Remember that one guy who broke into my house and ate all my toast?

by Joy Monger

Dating is hard. And weird.

First there is the pain of even figuring out if you’re “dating”. I’ve been on dates and didn’t realize it. Often I’ve thought I was on a date but turns out it wasn’t. He paid–is that a date? He didn’t pay–is it not a date??? We made out. With tongue. That means he likes me, right? Not always, silly girl.

And the dates themselves; sweet Jesus it’s like being pecked to death by a duck. There’s bad jokes, and worse yet, bad hair. Wasted time. Wasted money. Too much booze, not enough teeth. Plus somehow I always end up wearing uncomfortable pants and too much blush. (Why do I channel Dolly Parton when trying to woo a mate??)

And that’s if I am lucky enough to even meet someone date-worthy. There’s definitely whole long stretches with no dates at all and plenty of solo nights of bad internet tv and popcorn for dinner.

But you know what makes dating bearable?

The knowledge that still being single means I didn’t settle and hitch my wagon permanently to any of the weirdos I used to date.

Seriously. We’re talking real weirdos.

And at the time I really thought they were great. With a completely straight face I have said the following:

“I love how he knows all the lyrics to the most obscure Ace of Base songs!”

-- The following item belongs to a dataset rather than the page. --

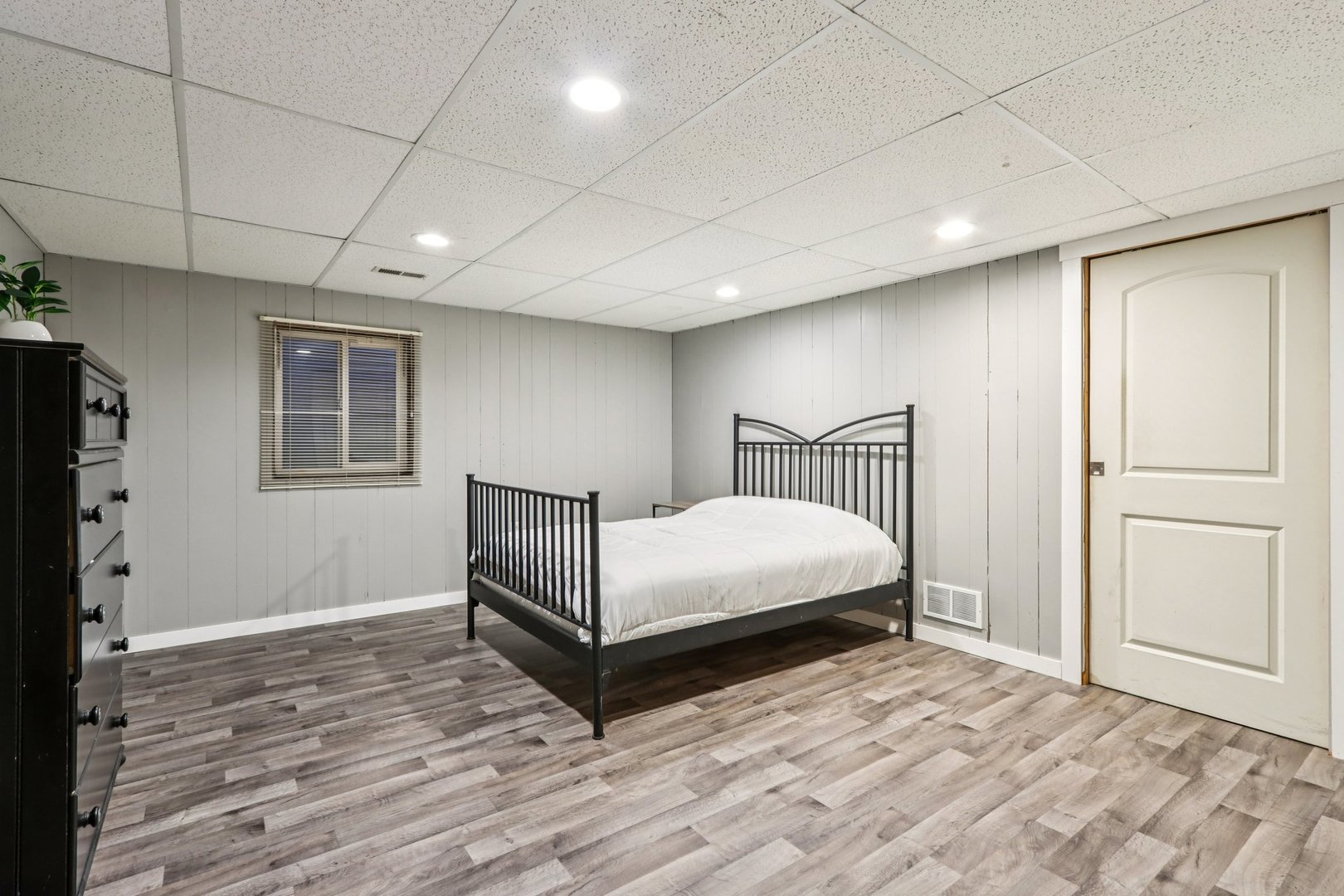 220 Larchwood Lane, North Aurora, IL 60542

“He really is great at sharpening knives.”

“He only owns one pair of pants because he is into living simply; that’s dedication!”

“It’s really funny how he quotes Will Ferrel movies all the time; I love it when he calls me a “smelly pirate hooker”.”

“He’s really sweet when he’s drunk and luckily he’s drunk most of the time!”

“All that rollerblading really makes his butt look good.”

“We’ll really get serious once his legal issues are cleared up and he’s allowed back into the country.”

“I don’t mind that he doesn’t drink, doesn’t watch tv, doesn’t eat chocolate or meat, because it gives us plenty of time to read out loud to each other.”

“He looks like Uncle Jesse from Full House! Only Mexican!”

Thank god I’ve since been to therapy, stopped dating off the internet, realized I’m a catch and potential suitors should want to buy me flowers, make me laugh and wear clean pants, at the very least.